Failure to comply could bring a cutoff of state health care funding – a devastating penalty for any hospital.
State Rep. Matt Hatchett (R-Dublin), who pushed for these disclosures at the Legislature, told GHN that legislators recognize that “some nonprofit hospitals are hurting and barely surviving.” The communities they serve should know the specifics of the hospitals’ financial distress in order to help them, he said.
“On the other hand, you’ve got nonprofit hospitals that are making lots of money,’’ Hatchett said. “There are those that are amassing huge amounts of cash.’’
Nonprofit hospitals get a tax exemption, he noted, and receive substantial payments from taxpayer-funded programs such as Medicare and Medicaid.
The disclosures could lead to information on hospital overseas accounts. In Massachusetts, 16 hospitals and health systems have more than $1.6 billion in the Cayman Islands and other tax havens, according to a recent report by the Massachusetts Nurses Association.
Regulations on the Georgia law are expected to be released next month. Then there will be a public comment period and potential revisions, which could take another month or so.

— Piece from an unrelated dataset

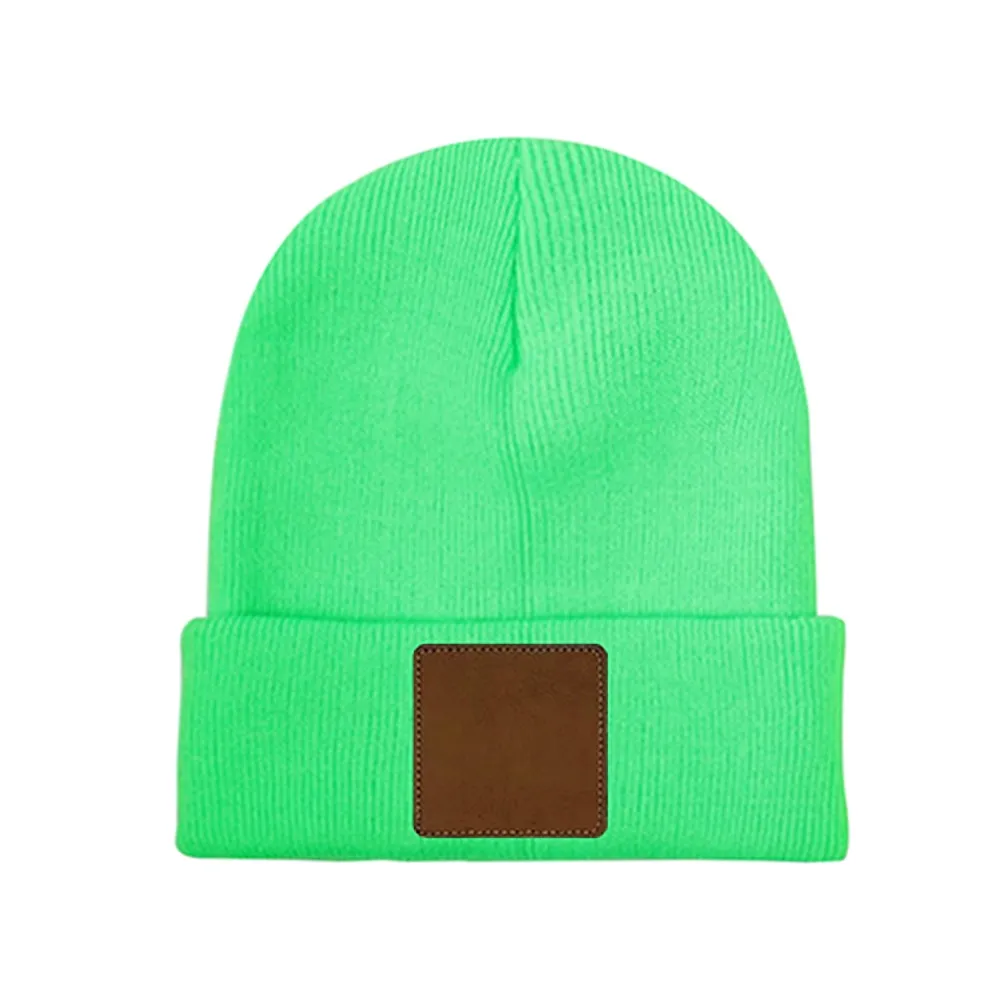 Customizable Knit Beanie with Square Leather Patch - Personalized Laser Engraving Available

Loke acknowledges the statute’s start date of Oct. 1 won’t be met — with the rules still being formulated — and that terms such as “affiliate,’’ “subsidiary’’ and “administrative positions’’ should be more sharply defined.
But he points out that five hospital organizations – Grady Health System, Children’s Healthcare of Atlanta, WellStar Health System, Piedmont Healthcare and Tift Regional Health System – each supported House Bill 321. If those powerhouse systems support the law, Loke says, it should be acceptable to the whole industry.

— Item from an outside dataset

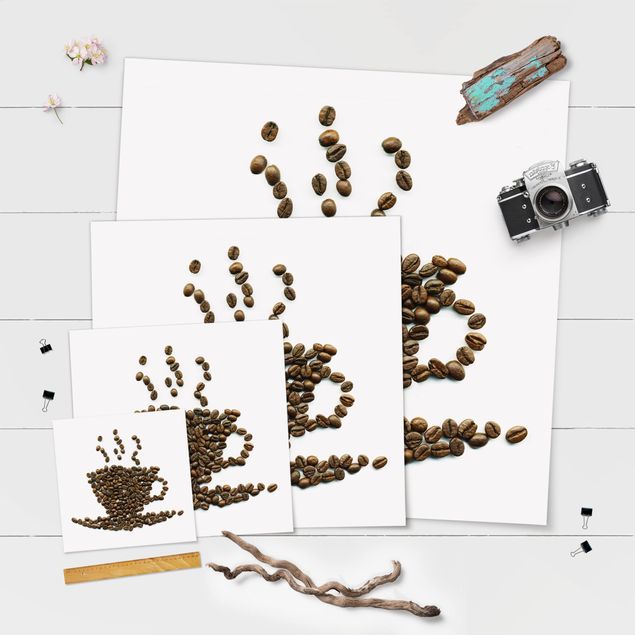 Poster - Coffee Beans Cup - Quadrat 1:1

The Georgia Hospital Association on Tuesday said that nonprofit hospitals don’t oppose transparency. Most of the information required by HB 321 has been publicly available for many years, said Ethan James, a GHA executive.
But the law will add significant expenses for the hospitals, he said. “Especially for some of Georgia’s small, rural hospitals, such unreimbursed costs do exacerbate a sometimes dire financial picture,” he added.
“In order to best utilize the collective experience and knowledge of the hospital industry and serve as a partner and resource for state policymakers, the Georgia Hospital Association offered initial comments to DCH [the state’s Department of Community Health] early this summer regarding the development of the pending rules and regulations,’’ James said. “We look forward to working in concert and receiving additional guidance from the Department of Community Health and Governor Kemp’s staff.”
Chris Kane, senior vice president of consulting firm Nagle & Associates, said the law “represents progress in the quest for transparency in health care.’’
“For hospitals and health systems, compliance will be tedious because some reporting requirements are new and others encompass reformatting existing information.’’
Kane said transparency “is an imperative for a sector that has largely operated under the radar under the premise that a nonprofit organization will pursue activities consistent with societal priorities. Yet the consolidation of health care and growth and demand has created behemoths.’’
Some of the law’s terms and requirements are either ambiguous or need tweaking, Kane added.
Hatchett said he could live with some changes. For instance, if a hospital doesn’t have a website, the financial data could be posted on the website of its parent system.
And if a small hospital doesn’t have 10 administrative positions that offer more than $100,000 a year in compensation, the smaller salaries could be omitted, he said.
Nevertheless, Hatchett said, public scrutiny of the financials could lead indirectly to hospitals lowering health care costs, which consume a large part of families’ budgets.
“People have the right to know where public money is going,” he said.